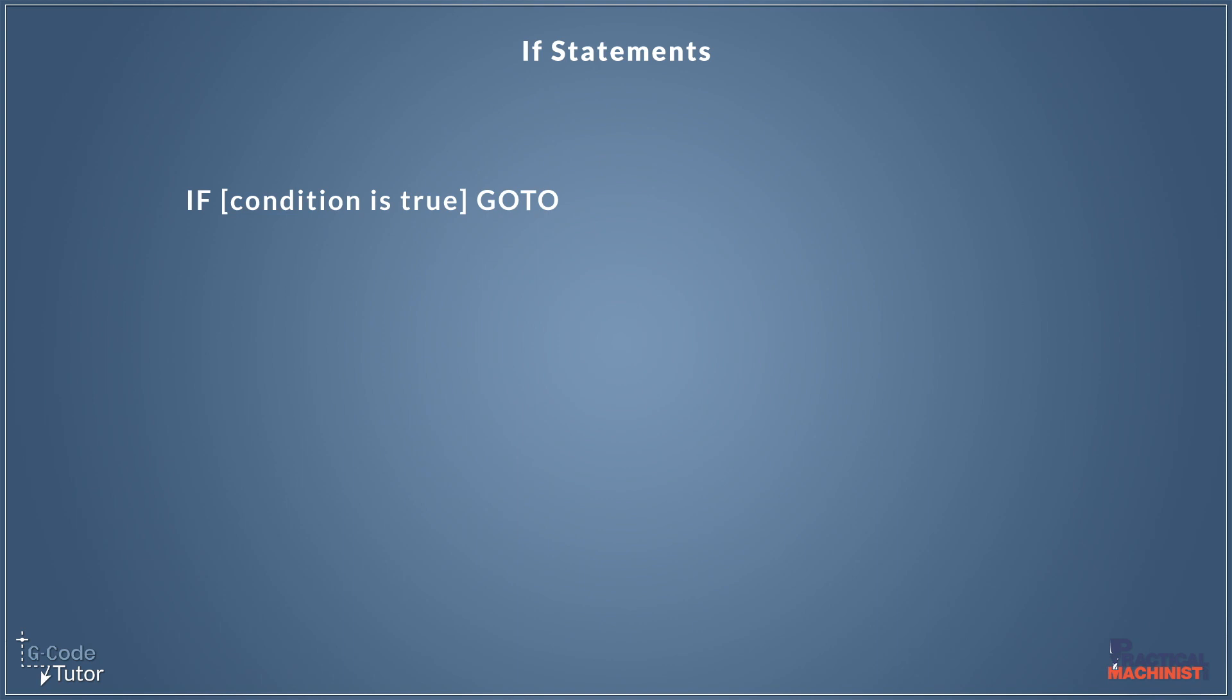Hello, I'm Mark from G-Code Tutor, and I'm here today with Practical Machinist to talk about if statements in G-Code and how we can use them to shorten our code with macro programming.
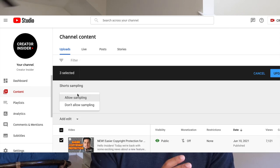Any derivative Shorts that have sampled audio from your videos will be muted and scheduled for deletion in 30 days. By the way, you can always toggle the opt-out setting back to allow sampling this content.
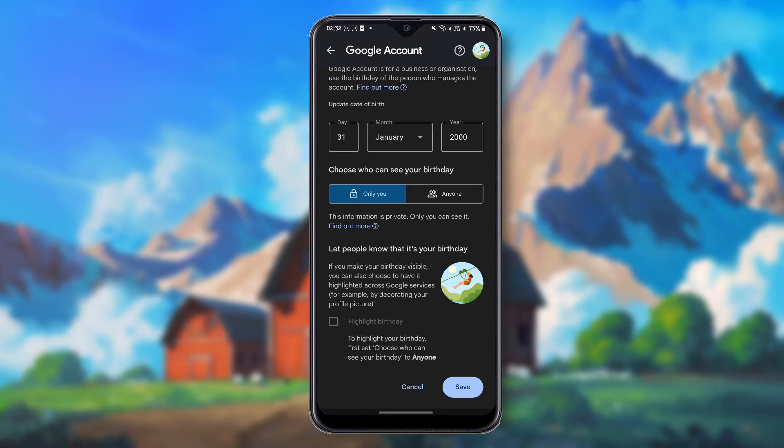If you select 'Only You,' this information is private and only you can see it. That was the video topic.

*What is needed:*
Give back the data exactly. Pictures stay out.

*Response box:*
Hello, I'm Mark from G-Code Tutor, and I'm here today with Practical Machinist to talk about if statements in G-Code and how we can use them to shorten our code with macro programming.
Any derivative Shorts that have sampled audio from your videos will be muted and scheduled for deletion in 30 days. By the way, you can always toggle the opt-out setting back to allow sampling this content.
If you select 'Only You,' this information is private and only you can see it. That was the video topic.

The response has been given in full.